# Native Kayak



## LiteTackleChamp (Jul 29, 2005)

i was in a kayak at store yesterday and saw the native kayak and fell in love, im saving my money up to buy one in june, there awesome i must say
http://www.chesapeake-angler.com/storyoct06-Ultimate12kayak.htm


----------



## SeaSalt (Apr 29, 2002)

just curious, what so great about them? looks like a plastic canoe... maybe i'm missing something.


----------



## wolfva (Nov 17, 2006)

It looks nice; I'd like to try one out. Wonder how it handles the ocean? Thought the pic looked familiar though, then I saw the caption. Lynnhaven inlet is where I fish.


----------



## LiteTackleChamp (Jul 29, 2005)

yheah they just look so stable, the guy at the store down here said i could try one out first, theres a ton of room in them


----------



## ruthless (Sep 5, 2003)

By definition all kayaks are all canoes. It is a great flat water kayak, super stable, and you can stand in it. I would not attempt a surf launch in it , but when it gets warm, you will definately see me in the bay and inlets in mine.
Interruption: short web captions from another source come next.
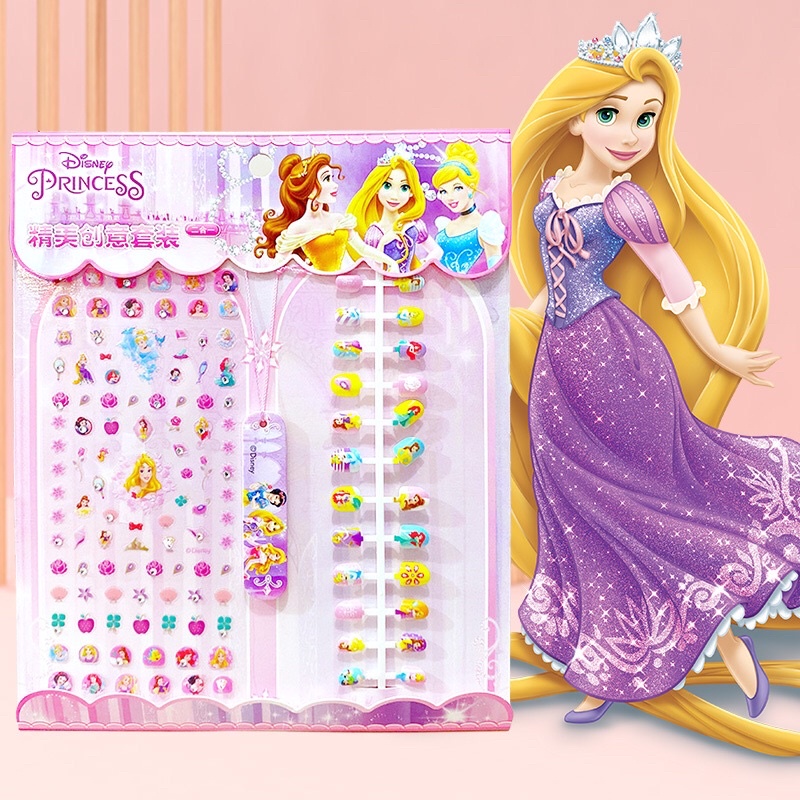 Sét 24 miếng dán móng tay và sticker trang trí móng cho bé
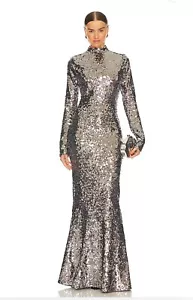 Good American Sequin Funnel Maxi Dress Size S - Picture 1 of 7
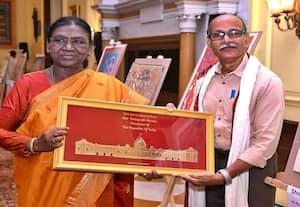  ஜனாதிபதி முர்மு கவுரவித்த கதக் ஓவியர் கமல் அகமது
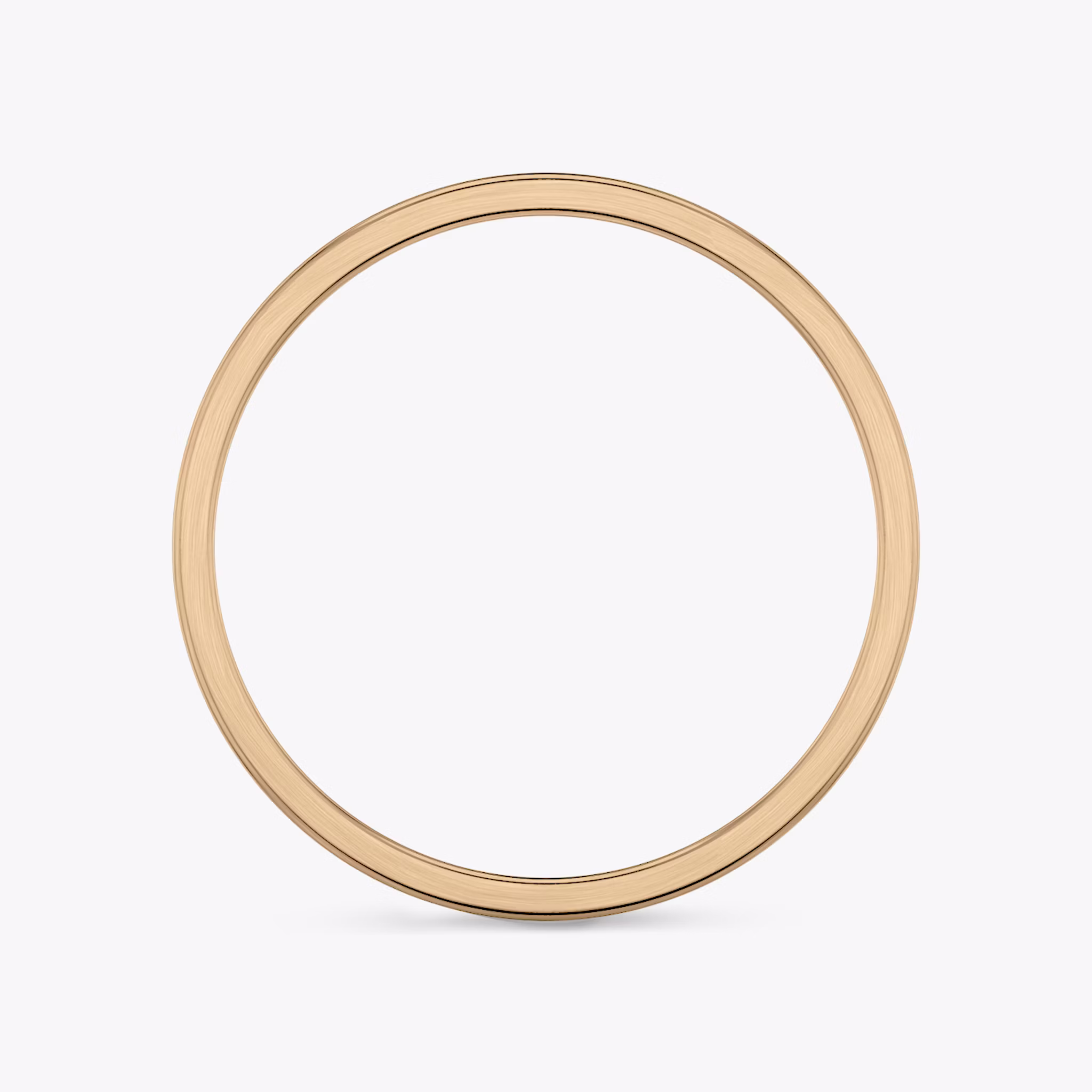 Brushed Flat Band | 14k | Rose Gold | bandWidth: 2mm
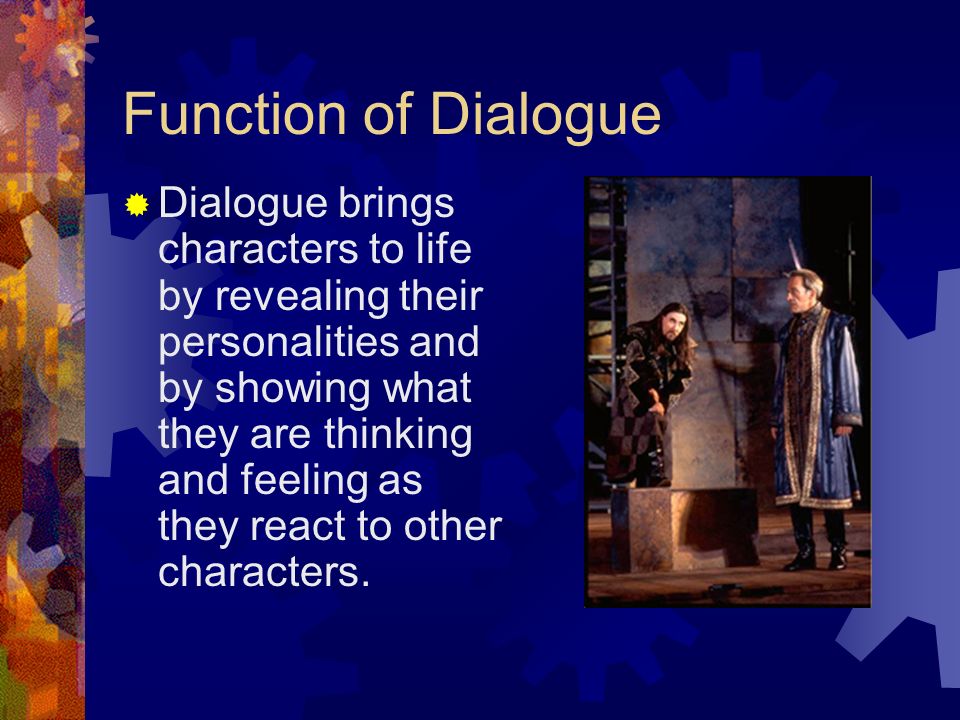 Function of Dialogue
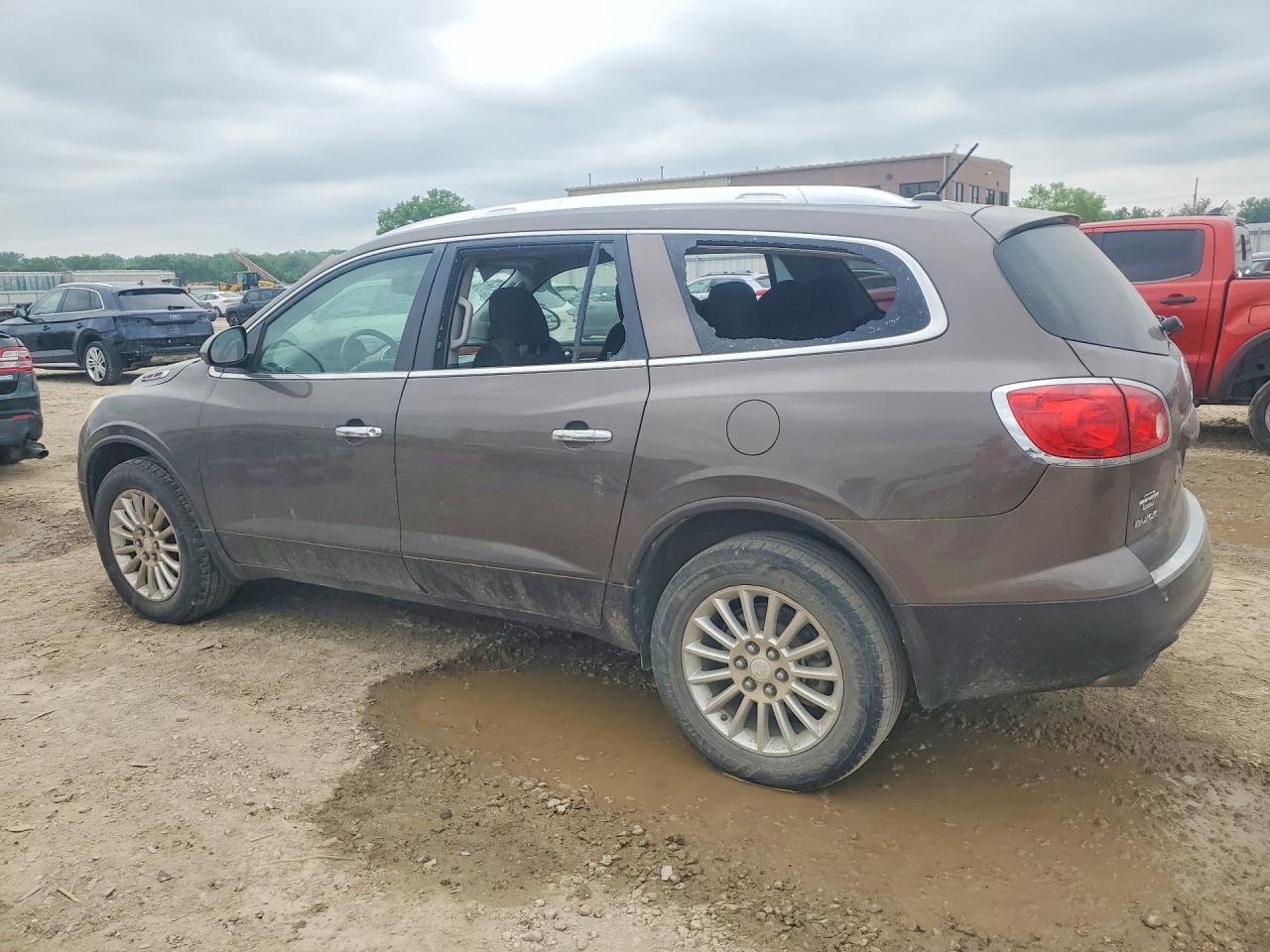 2012 Buick Enclave Brown vin: 5GAKRBED4CJ244451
It is doing very well in the south.


----------



## bbcroaker (Jan 6, 2005)

Oh man ! Another one to try out on the spring before buying one.
Who sells them in Va?


----------



## LiteTackleChamp (Jul 29, 2005)

go to the web site and just look up dealers and they will find one for u, they raffeling one off at that kayak show up there


----------



## Rockstar (Jun 23, 2004)

I like the concept and the hull design seems very stable, but how does it paddle? It seems like it'd be on the slower side... also, do you reenter just like a SOT? I didn't notice any drainage either?


----------



## ruthless (Sep 5, 2003)

Appomattox River Company and Wild River Outfitters both sell them.

The 12 is $775 and the 14.5 is $925.

In the 14.5 I have no problem keeping up with buddy in his Tarpon 160i. Both paddle and track very well. The 12 has a drop down skeg. There are also log of accessories coming out this year. They also have some SOT's in th works.

They will be at the Symposium on Feb, 24th.


----------



## bbcroaker (Jan 6, 2005)

Have to agree with SeaSalt that it looks more like canoe and you really can't compare it to a SOT.
Guess will have to wait for them to come out with one.
Got s a feeling it wont be no comparison to a Prowler Big Game.


----------



## ruthless (Sep 5, 2003)

I have been an advocate of SOT's for a long time. However I truly do like paddling the Ultimate. I only compared its speed to that of the the Tarpon 160i (the fastest SOT). I even said that I would not use the Ultimate in the surf. However on warm, calm days, it is my goto yak. I will always keep my Redfish for cold days and open water.

True, the Ultimate is a niche kayak (flat water and shallow flats) but it serves it's purpose very well. 

As always, you should give it a try and you may decide that is more than just a "plastic canoe".


----------